エターナル・ガイア、起動。目標を確認、個体名、竜帝フリッジノース・ドラゴノイド。最適解、消滅魔法。行使しますか?


「なになになになに!!?!?!?!!」


急にヒイロの持っていた球が喋り出し物騒なことを言っている。ヒイロ本人もものすごく驚いている。

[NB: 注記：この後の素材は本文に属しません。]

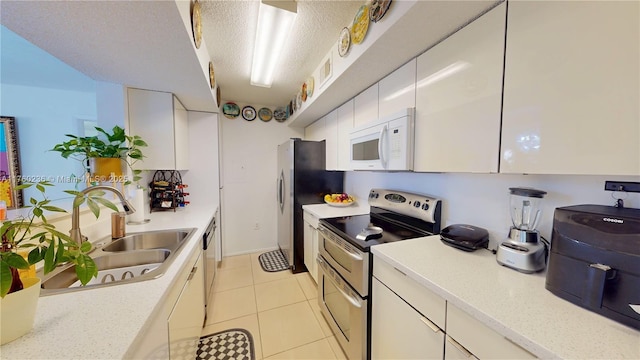kitchen with a sink, a textured ceiling, white cabinetry, and stainless steel appliances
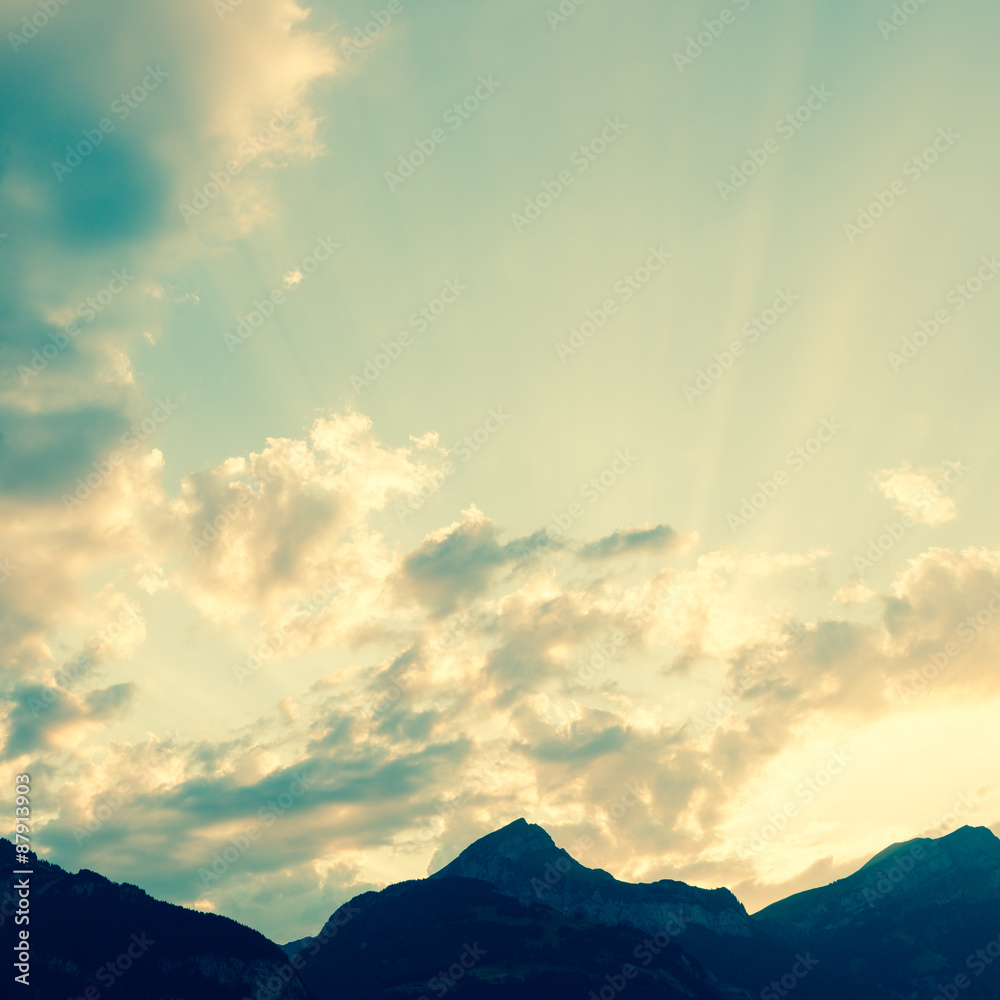 The sun goes down to the tops of mountains. Filter soft light. Photo, abstract landscape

「…行使する!迷ってたら後悔するだけだ!!もう二度と」


行使します。発動まで二、一、


球から白色の気泡のようなものがスーッと飛んでいった。別段早くもなく、そして遅くもない。


「なんだこれは」


そしてそこに立っていた竜帝にあたった。


「?…妙に不快な魔力だったが…この国の住人の魔法がこれか?笑わせる」


「全然消滅してないんだけど!どうしようアマネ!」


「どうするもこうするも…ヒイロは女王を探してくれ、なんか誰かが外壁がどうとか言ってた気がする」


「でもアマネは!」


「大丈夫、これまで竜人相手に負けたことなんてないから」


「わかった、気をつけて!」


そう言って走って行った。


「…まぁあとで殺せばよいか。してお前、ネツァリスをやったのはお前か?」


ほんとは俺じゃないけど、ここでヘイトがあっちに向くのはまずい。


「そうだ」


「その程度の魔力の者に負けるのか…所詮木っ端な亜人ということか」


「は?」


何を言ってやがるこいつは。


「お前も混ざり物の亜人か?そのような化け物どもは我が世界には要らぬ。死ね」


「撤回しろ」


「…あ?」


「この世に要らない命なんてない。撤回しろ、亜人なんて言葉も、考え方も、お前のその思想は絶対に許さない。死ぬ前に撤回しろ」


「…は!なんだ、お前。殺した相手の人権を主張しているのか?気持ち悪い。それに自分が死ぬ前に撤回しろ?そんなのする必要ないだろ、死んだら何も残らないのだから」


「死ぬのはテメェだ!!」


そう言って鎖の破片をばら撒いた。


「鎖…はっ、四位の雑魚魔法ではないか」


「!!」


ばら撒いた破片から鎖を鋭く伸ばして突き刺す。が、鎖が弾き飛ばされ、届くことはなかった。